SQL DELETE DUPLICATE ROWS
Duplicate rows can often appear in a database due to data entry errors or merging tables. The DELETE statement in SQL can be used to remove these duplicates while keeping one instance of each unique row. This process often involves using ROW_NUMBER(), CTEs (Common Table Expressions), or subqueries.

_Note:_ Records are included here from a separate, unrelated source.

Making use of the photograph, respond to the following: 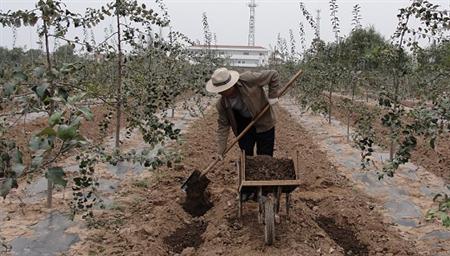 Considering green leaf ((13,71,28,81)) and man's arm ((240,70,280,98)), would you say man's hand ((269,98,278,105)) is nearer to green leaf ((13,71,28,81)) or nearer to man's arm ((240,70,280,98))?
man's arm ((240,70,280,98))

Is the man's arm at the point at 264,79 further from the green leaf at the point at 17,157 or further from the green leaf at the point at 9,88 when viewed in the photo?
the green leaf at the point at 17,157

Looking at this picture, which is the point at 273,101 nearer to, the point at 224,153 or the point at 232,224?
the point at 224,153

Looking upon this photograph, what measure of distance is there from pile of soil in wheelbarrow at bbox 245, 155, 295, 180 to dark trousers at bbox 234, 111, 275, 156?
0.63m

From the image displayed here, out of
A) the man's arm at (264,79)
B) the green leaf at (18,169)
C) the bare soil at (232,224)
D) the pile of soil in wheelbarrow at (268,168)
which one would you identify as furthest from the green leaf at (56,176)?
the man's arm at (264,79)

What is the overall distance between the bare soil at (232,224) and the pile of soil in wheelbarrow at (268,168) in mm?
492

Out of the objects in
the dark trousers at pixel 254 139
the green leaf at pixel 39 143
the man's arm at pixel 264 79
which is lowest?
the dark trousers at pixel 254 139

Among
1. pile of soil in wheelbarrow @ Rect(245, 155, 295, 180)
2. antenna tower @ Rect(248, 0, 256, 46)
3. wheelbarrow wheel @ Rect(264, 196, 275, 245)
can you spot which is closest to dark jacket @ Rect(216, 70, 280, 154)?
pile of soil in wheelbarrow @ Rect(245, 155, 295, 180)

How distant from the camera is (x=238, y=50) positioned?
70875mm

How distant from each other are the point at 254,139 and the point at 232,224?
1.00 meters

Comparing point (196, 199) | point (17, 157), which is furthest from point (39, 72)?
point (196, 199)

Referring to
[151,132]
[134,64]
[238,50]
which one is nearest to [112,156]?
[151,132]

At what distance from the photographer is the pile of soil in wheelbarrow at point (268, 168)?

The general approach involves identifying duplicates based on a subset of columns and then deleting rows with higher row numbers or IDs.
Example
This example removes duplicate rows from the Orders table, keeping only one instance of each product.
Code Example
-- Identify duplicates using ROW_NUMBER()
WITH CTE AS (
SELECT *, ROW_NUMBER() OVER (PARTITION BY Product ORDER BY Product) AS RowNum
FROM Orders
)
-- Delete rows where RowNum is greater than 1
DELETE FROM Orders
WHERE OrderID IN (
SELECT OrderID FROM CTE WHERE RowNum > 1
);
-- View the updated table
SELECT * FROM Orders;
Output
Product | Category | Price |
---|---|---|
Laptop | Electronics | 1300.00 |
Phone | Mobile Devices | 800.00 |
Tablet | Gadgets | 600.00 |
Smartwatch | Gadgets | 250.00 |
Explanation
- The ROW_NUMBER() function assigns a unique row number to each duplicate group.
- Only rows with RowNum > 1 are deleted.
- The updated table contains only unique rows for each product.